I'm new to these forums and came in to say "hey" to everyone.  I'm living in Sacramento, California and I currently train Brazilian Jiu-jitsu under Cassio Werneck.

I started martial arts at the age of 6 in a shotokan based karate style in Fresno California training with the late Stuart Quan.  I couldn't have asked for a better first experience in the martail arts than what he taught, and learned so much more than just fighting training there in my younger years.  I was not a completely dedicated Karate student though, and so never made my blackbelt despite training on and off for 8 or 9 years.

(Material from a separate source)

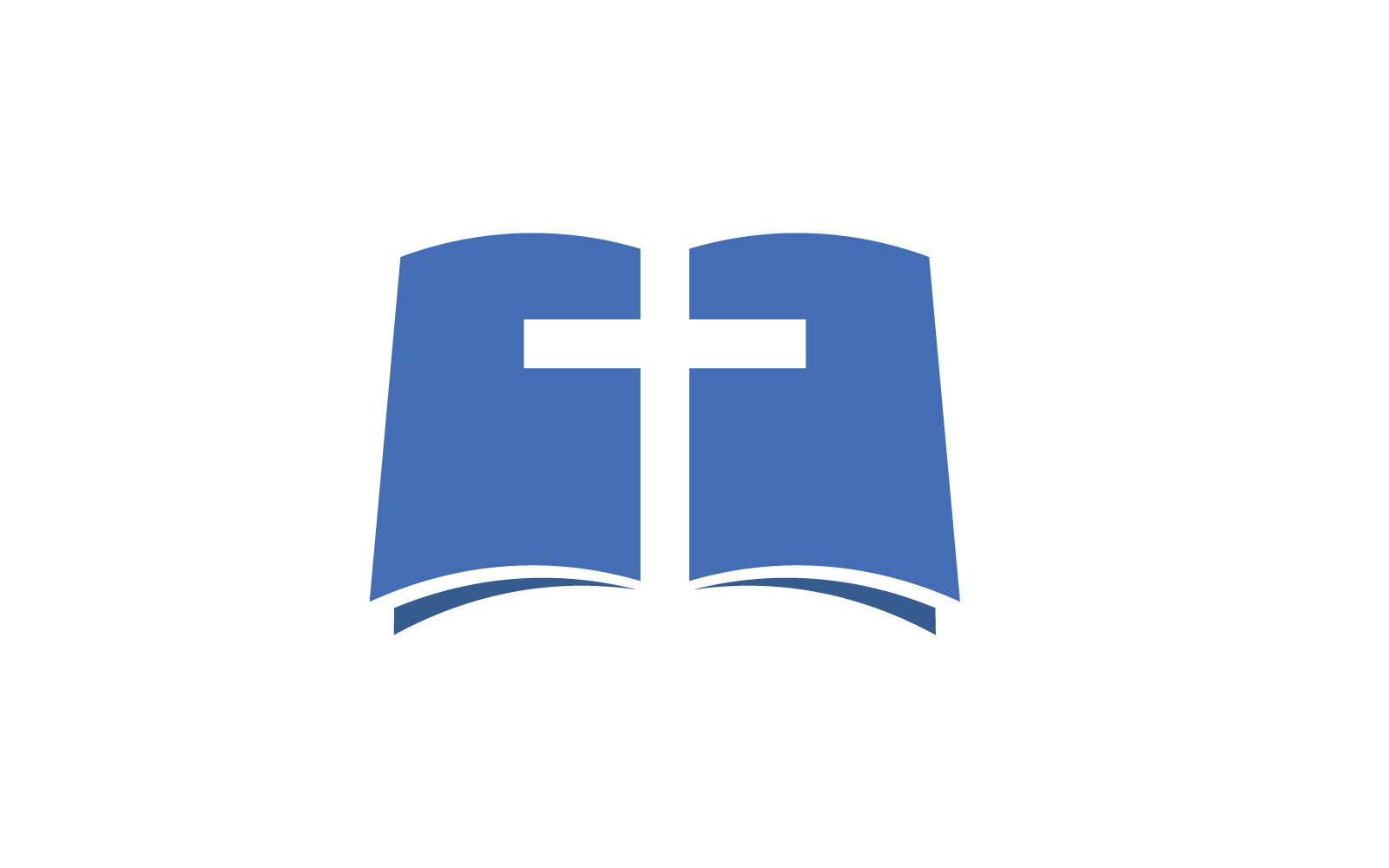 Bible book with church symbol logo vector template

I love my BJJ and am much more dedicated to the art these days.  I started training BJJ at a Ralf Gracie affiliated school in Fresno, but then moved to a Royce Gracie school to train with a friend.  Royce is even the one who gave me my bluebelt in BJJ.  I outlasted my friend in the art and have not missed more than a full week of training in the last 6 or so years.

I moved to Sacramento about 4 years ago and started training with Cassio Werneck after he moved up here from Brazil to make Sacramento his perminent home.

Anyway, hello again all, and I'm happy to be here.


----------



## Swordlady (Aug 26, 2006)

Welcome to MT, and happy posting!  :wavey:


----------



## Jonathan Randall (Aug 26, 2006)

Welcome! I'm from Sacramento, CA as well - I think I've passed by your school. Glad to have you hear on Martial Talk.


----------



## SFC JeffJ (Aug 26, 2006)

Welcome and enjoy!

Jeff


----------



## MJS (Aug 26, 2006)

Welcome to MT!

Mike


----------



## pstarr (Aug 27, 2006)

Welcome to the forum!


----------



## terryl965 (Aug 27, 2006)

Welcome and happy posting
Terry


----------



## Brian R. VanCise (Aug 27, 2006)

Welcome!

Brian R. VanCise
www.instinctiveresponsetraining.com


----------



## Kacey (Aug 27, 2006)

Welcome, and happy posting!  :wavey:


----------



## Kanoy919 (Aug 27, 2006)

Welcome!


----------



## Jade Tigress (Aug 27, 2006)

Welcome to Martial Talk ~ Enjoy!


----------



## DavidCC (Aug 28, 2006)

"Sac town"?

is that just up the road from "taint ville"?? LOL


----------



## stone_dragone (Aug 28, 2006)

Greetings and welcome to MT!


----------



## Kenpojujitsu3 (Aug 28, 2006)

DavidCC said:
			
		

> "Sac town"?
> 
> is that just up the road from "taint ville"?? LOL


 
LOL!!!!!!!!!!!!!!!!!!!!!!!!

Anyway, welcome to Martial Talk


----------



## HKphooey (Aug 28, 2006)

Welcome to MT!


----------



## Lisa (Aug 28, 2006)

Welcome Ybot!  Happy Posting! :wavey:


----------



## Kreth (Aug 29, 2006)

Welcome to the forum.


----------